+++ Material shown

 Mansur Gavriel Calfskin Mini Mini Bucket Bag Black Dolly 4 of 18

++++++
+++ Material shown

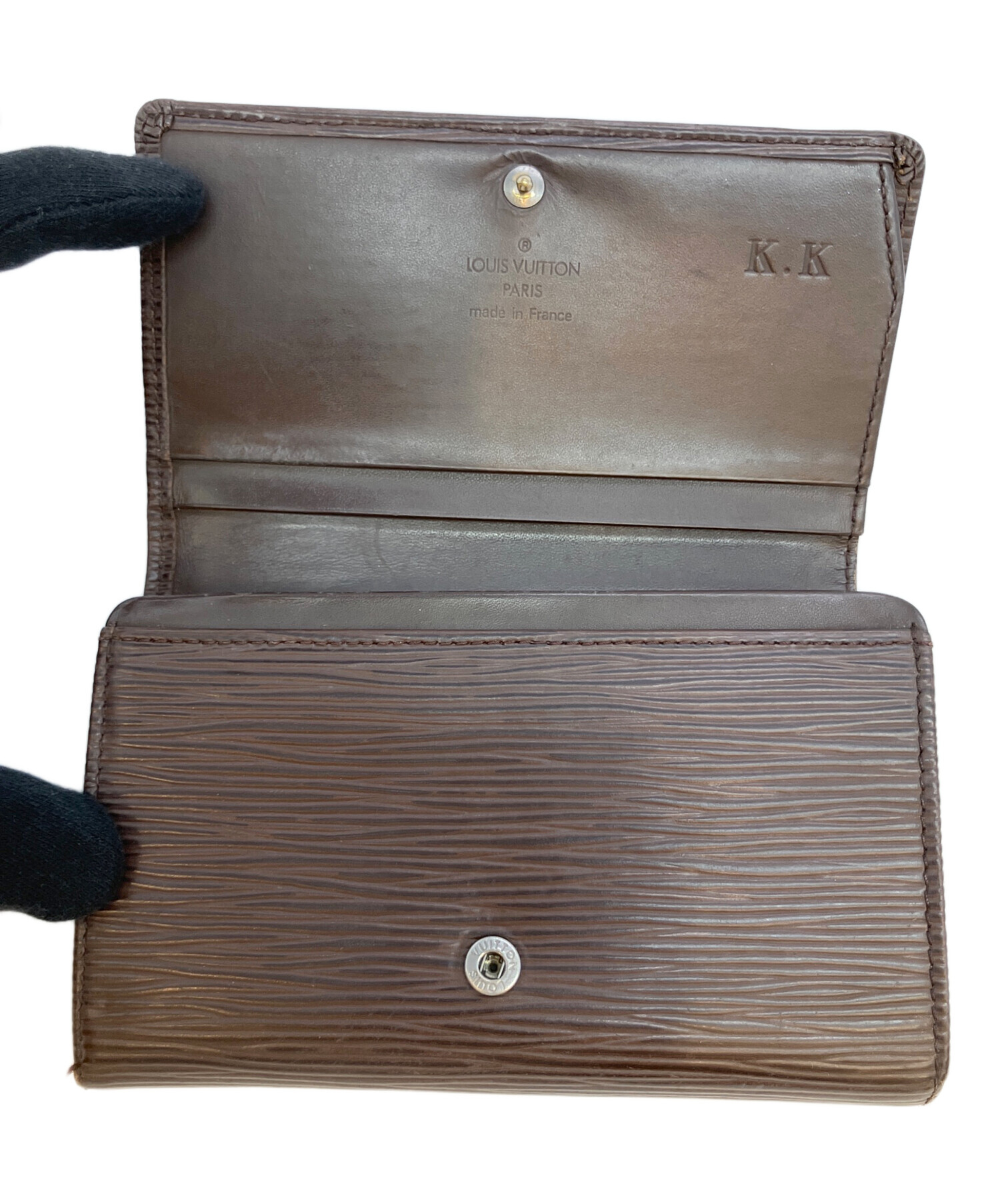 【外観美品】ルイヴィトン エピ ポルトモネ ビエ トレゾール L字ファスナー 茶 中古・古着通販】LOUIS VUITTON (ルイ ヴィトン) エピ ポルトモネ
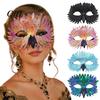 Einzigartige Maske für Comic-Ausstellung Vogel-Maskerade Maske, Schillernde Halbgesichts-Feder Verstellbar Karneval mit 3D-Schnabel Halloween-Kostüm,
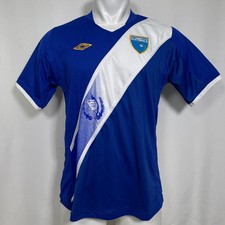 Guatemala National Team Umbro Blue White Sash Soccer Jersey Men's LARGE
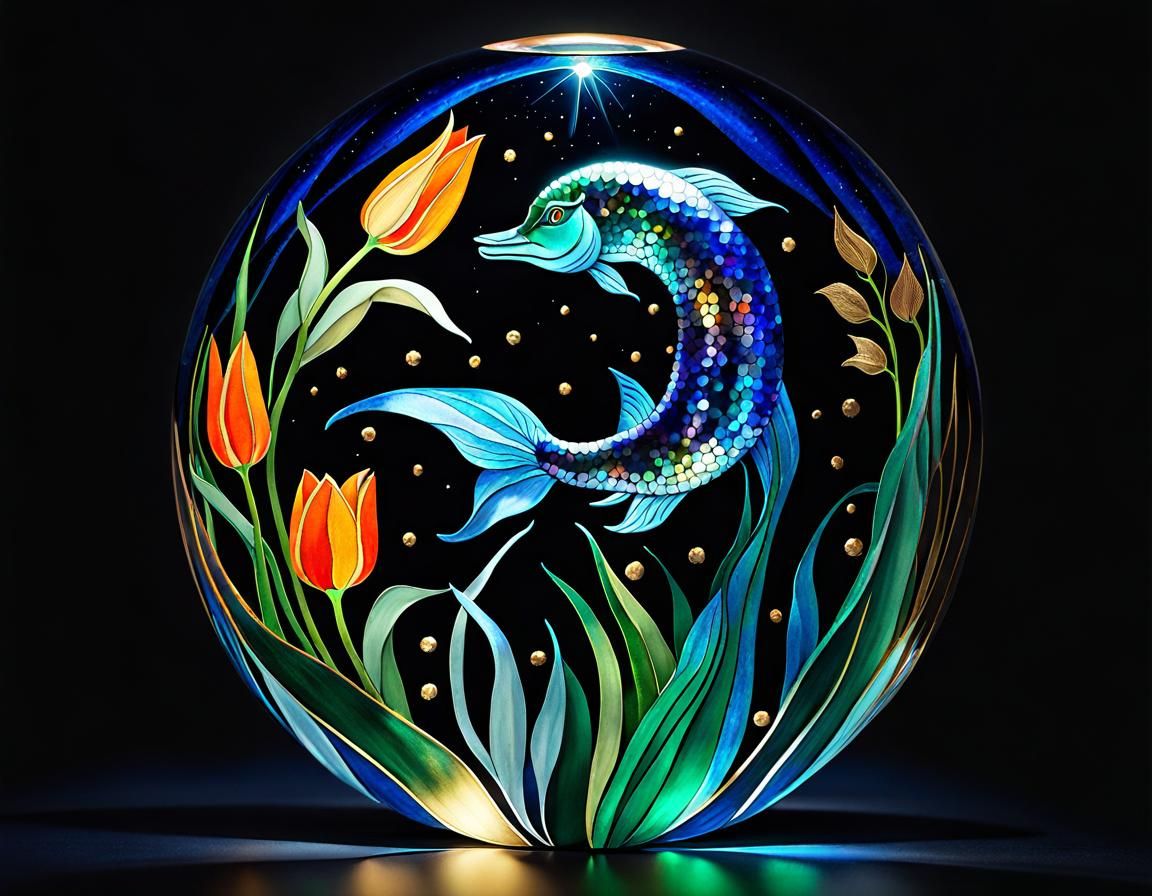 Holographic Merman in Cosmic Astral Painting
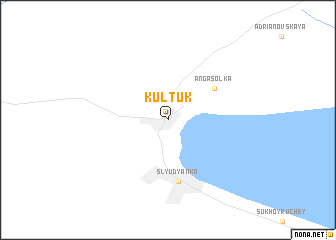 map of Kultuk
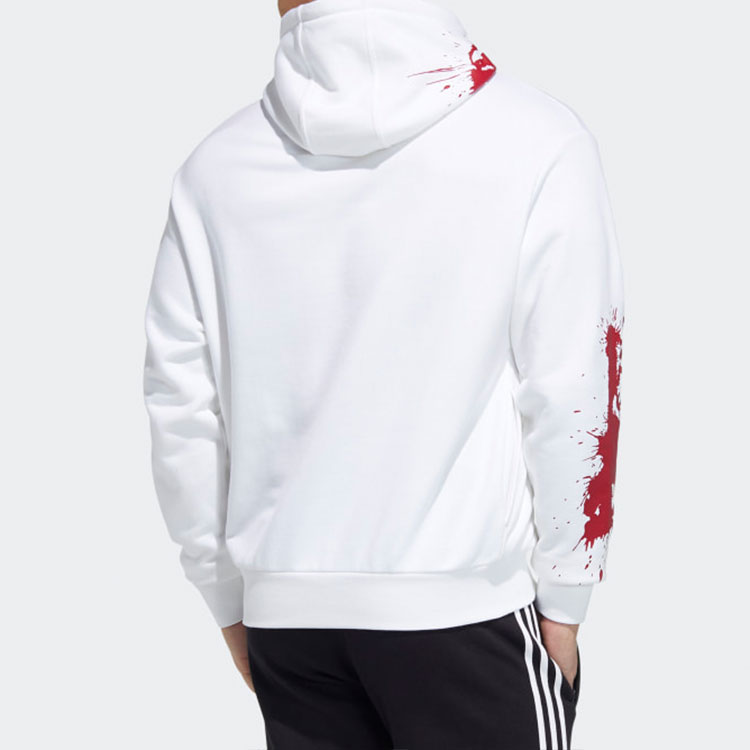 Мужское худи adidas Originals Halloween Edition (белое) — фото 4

++++++
+++ Material shown

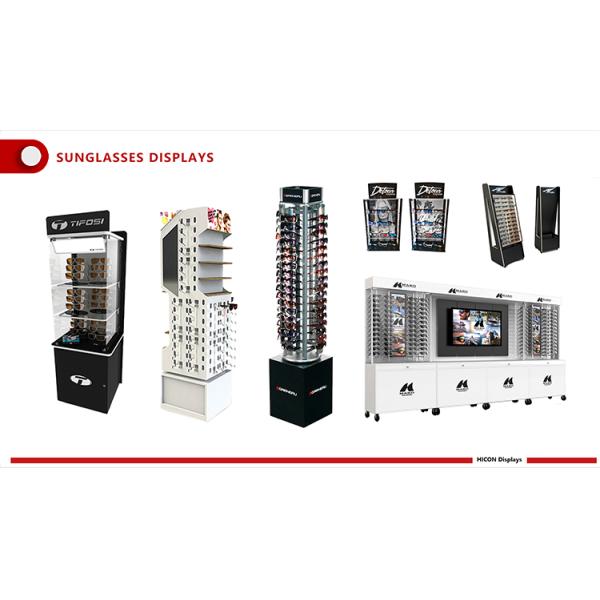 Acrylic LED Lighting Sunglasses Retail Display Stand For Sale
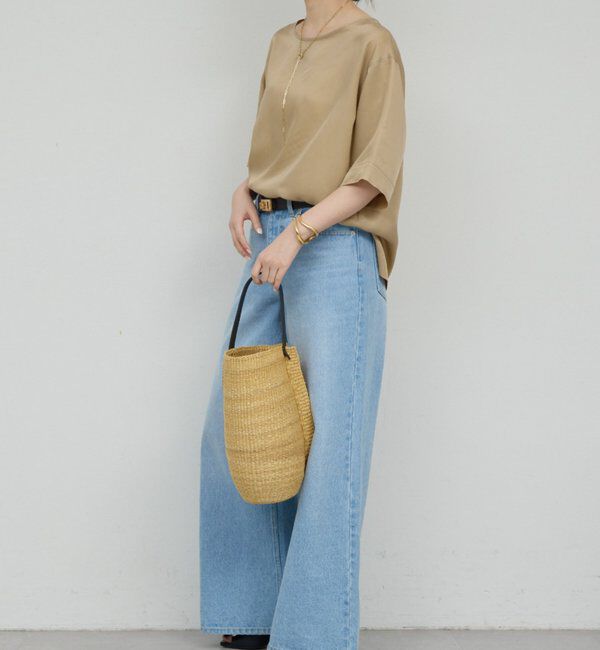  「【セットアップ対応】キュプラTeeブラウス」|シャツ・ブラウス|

++++++

Exercise objective:
Once the line with "Holographic Merman in Cosmic Astral Painting" has been found above, output that line and every later line exactly, stopping after the line with "Мужское худи adidas", and omit the pictures.

Result of the task:
 Holographic Merman in Cosmic Astral Painting
 map of Kultuk
 Мужское худи adidas Originals Halloween Edition (белое) — фото 4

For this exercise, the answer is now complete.